Filmgeschichte: Tag Gallagher

»Truly Doing Film Criticsm«

Ein Email-Interview mit Tag Gallagher

[1]Auf der Website von Tag Gallagher finden sich Links auf zahlreiche seiner Artikel sowie auf die PDF-Version der überarbeiteten Fasssung seines Buchs zu John Ford.

Tag Gallagher hat herausragende Bücher geschrieben über John Ford und Roberto Rossellini, sowie Aufsätze über Costa, Dreyer, Ferrara, Fuller, Hawks, Hitchcock, Mankiewicz, McCarey, Mizoguchi, Ophüls, Preminger, Sirk, Straub, Ulmer, Vidor, von Sternberg und Walsh. Über das hinaus hat er in den letzten Jahren eine Reihe von Video-Essays als Bonus auf DVDs veröffentlicht; über Dreyer, Ford, Hawks, Ophüls, Preminger and Rossellini. [1] Das folgende E-Mail-Interview handelt von diesen Video-Essays. Die Fragen stellte Michael Baute.

It would be interesting to know about some of the backgrounds of your work with moving images. When have you started to do this kind of work? What were the circumstances?

Doing movie criticism on my Mac with Final Cut Pro is the first time in my life I’ve felt I was truly doing movie criticism. My Mac is the »caméra stylo« Astruc said cinema is, but which cinema is too unwieldy and expensive to be. For half a century or more, since I began to talk about movies, I’d always wanted to deal with composition and movement, and with how they relate across shots -- the music of motion, which, as Sirk says, is the emotion of the movies.

With words it was mostly impossible, and long attempts at description turned readers off. Even worse, articles and books, when they had pictures at all, had publicity stills fraudulently presented as illustrations of the movie. This is rather like illustrating a book on Van Gogh with paintings by others of his locations, with those paintings passed off as by Van Gogh himself and lauded as evidence of Van Gogh’s artistry.

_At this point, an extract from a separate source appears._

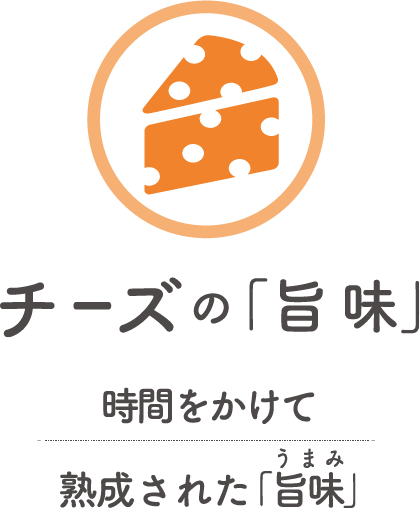 その他 贅沢 用品 体育祭 体育大会 運動会 アーチ型入場門 大型商品160cm以上 動画有 Ojs musicologia Org Ar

Use of frame enlargements was rare until just a few year ago. Publishers didn’t like them because they looked lousy compared to publicity glossies. Film magazines don’t like them because they violate their lay-out rules. And they were the devil to make. You needed a reflex camera, a copystand, a lightbox, a pair of rewinds, not to mention a print of the film, and plenty of eye strain.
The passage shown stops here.